Başını Cumhurbaşkanı Tayyip Erdoğan'ın çektiği bu dil kaybetti. Erdoğan durumu "her olanda hayır vardır" diye açıklayıp sorunu "halkta değil kendinde arayacağını" söyledi. Buradan bugünden itibaren Erdoğan'ın "sertlik" politikasından kısmen de olsa uzaklaşacağını beklemek "aceleci ve fazla iyimser olur" diyenler olabilir. Ancak ben özellikle içeriye yönelik bir "yumuşama" hamlesi bekliyorum.
Seçimin kazananlarından biri CHP lideri Kemal Kılıçdaroğlu. Kurduğu açık (İyi Parti) ve kapalı ittifaklarla (HDP) özellikle büyükşehirlerde başarılı oldu. İstanbul, Adana, Ankara, Mersin, Antalya sonuçları Kürt oylarının belirleyiciliğini ortaya koydu.
Batı illerinde ittifaka desteğiyle belirleyici olan HDP bölgede kayba uğradı. Üzerindeki baskı ve medya yoksunluğu haklı gerekçe de olsa Ağrı, Tunceli, Iğdır, Bitlis ve Şırnak’ı kaybedip önceki seçimlerde elinden çıkan Kars’ı kazandı. Özellikle Diyarbakır'da kayyuma karşı kazanç önemliydi.
Seçimin en önemli kazananlarından biri "Komünist Başkan" Maçoğlu oldu. Tunceli'yi kazanarak Türkiye' de ilk kez bir ili "komünist" yönetime kavuşturdu. İlçedeki başarıyı şehire taşıdı.
DSP girdiği her önemli yerde (Şişli'den-Gaziantep'e) kaybederken İstanbul'da olası kaybı hazırlayan parti idi.

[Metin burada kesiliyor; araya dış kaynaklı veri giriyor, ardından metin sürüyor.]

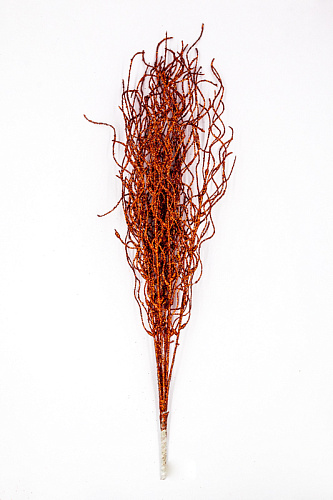 													Ветка красная  см  9817559R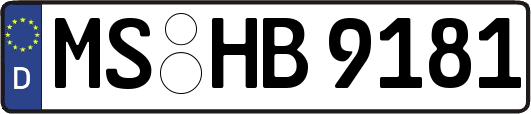 MS-HB9181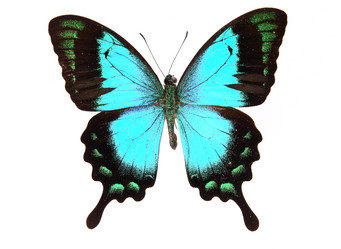 Similar image 8272338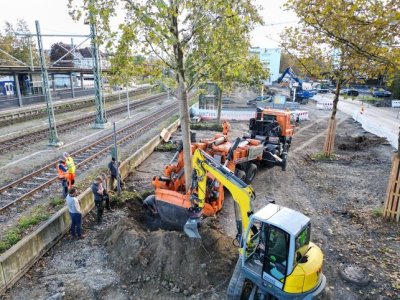 FOTO U Ravensburgu posađeno drvo prijateljstva s Varaždinom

Gecenin kazananlarından biri MHP idi. Hem ittifaktaki ağırlığını hem de belediye başkanlığı sayısını artırdı. Kısaca artık Erdoğan "devletsiz" kalamaz. Her anlamda... Önümüzdeki günler başta af Bahçeli'nin istedikleri yapılacak. Erdoğan'ın kayıpları telafisi için izleyeceği politika önemli olacak.